Mobrici, mi racconti la storia di Luna, questa sorta di Sally contemporanea?
Dopo un concerto l’anno scorso, una ragazza mi ha raggiunto nel backstage, quando già stavo salendo sul furgoncino. Mi ha impressionato per il suo sguardo: da un lato era come se avesse visto Gesù Cristo, dall’altro aveva una tristezza infinita.
Pensavo volesse fare una foto. Invece mi ha guardato e ha detto: “Io non ce la faccio più a vivere una vita così. Posso darti un abbraccio?”. Mi ha abbracciato e se n’è andata. Non ho neanche avuto il tempo di rispondere qualcosa.
Non ricordo neanche il suo aspetto, ma quell’episodio me lo sono tenuto stretto. Io non vorrei mai essere uno che amplifica le tristezze degli altri, le brutture della vita.

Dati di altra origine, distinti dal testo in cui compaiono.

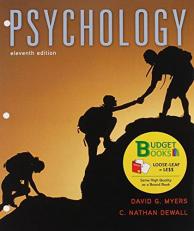 Loose-Leaf Version for Psychology 11e and LaunchPad for Myers' Psychology 11e (Six Month Access)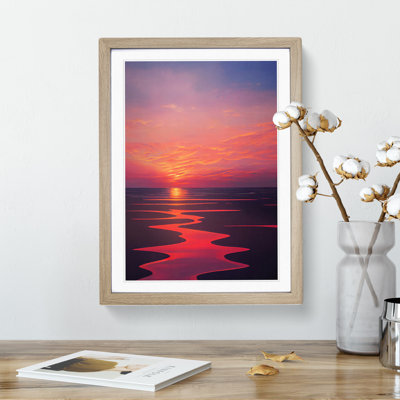 Ultimate Sunset - Single Picture Frame Print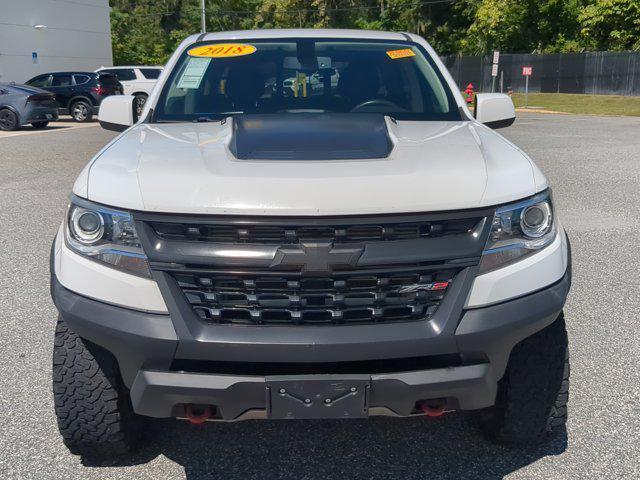 used 2018 Chevrolet Colorado car, priced at $21,582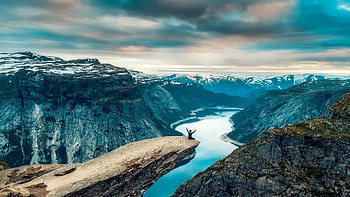 Norway travels, que scenery, Nordic charm, Natural beauty HD wallpaper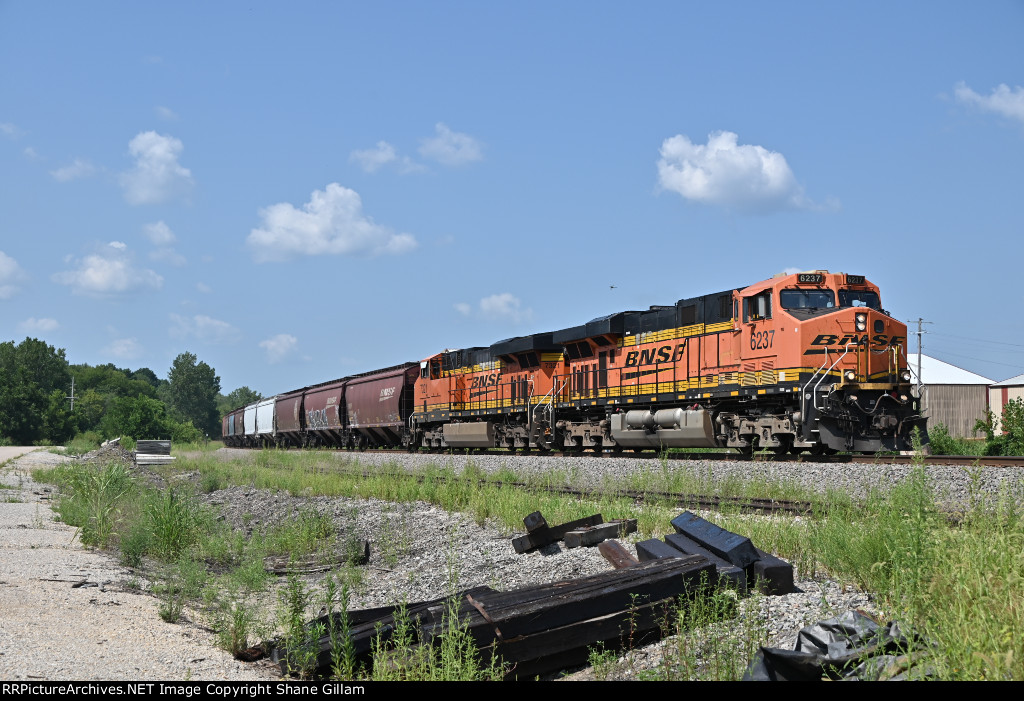 BNSF 6237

Spero che adesso lei stia meglio.
Luci del Colosseo è un omaggio al pop mainstream italiano anni ’80?
Musicalmente sì, mi è sempre piaciuto quel mondo. È un brano molto semplice, parla di una distanza tra Milano e Roma, dove conosci persone che non stanno nella tua città. I grandi pezzi degli anni ’80 sono un po’ come il reggae: sono poche le possibilità di farci un sound che possa durare più di due dischi, va preso a piccole dosi. Se avessi fatto nove pezzi così, sarebbe stato limitante.
Il bello è che per ogni canzone scegli il vestito che vuoi. Le mie canzoni nascono già con il loro sound, non chitarra e voce. Il tipo di sound è importante: è comunicazione anche quello, come nel caso di Sexe.
Stavo Pensando a Te è passato dall’essere un pezzo rap dalla qualità pop a un pezzo pop dalla qualità rap. Come hai lavorato su questa “traduzione”?
Quando l’ho sentito la prima volta, mi è arrivato come il pezzo di un cantautore, non di un rapper. La mia stima per Fabri Fibra è al di sopra di tutti gli altri, in un certo senso. Io non sono parte della “famiglia” del rap, non sono neanche un grande ascoltatore. Invece uno come Fabri Fibra riesco ad ascoltarlo e capirlo.
La cover è nata per caso: io e Fulminacci dovevamo fare un video per Rockit, che ci aveva proposto di suonare un pezzo dei Canova. Ma non mi andava. In quei giorni era uscito quel pezzo, così ho fatto un mio provino, l’ho mandato a Fulminacci e gli è piaciuto. Non c’era stato un grosso ragionamento dietro.
Dopodiché la cover è diventata molto richiesta, è andata anche in una serie Netflix (Fedeltà, ndr). Così abbiamo deciso di registrarla in studio. Adesso che esce Gli Anni di Cristo, avevo voglia di darle una casa. Adesso quando la suono la sento mia, totalmente. È piaciuta anche a Fibra, quindi il cerchio è chiuso.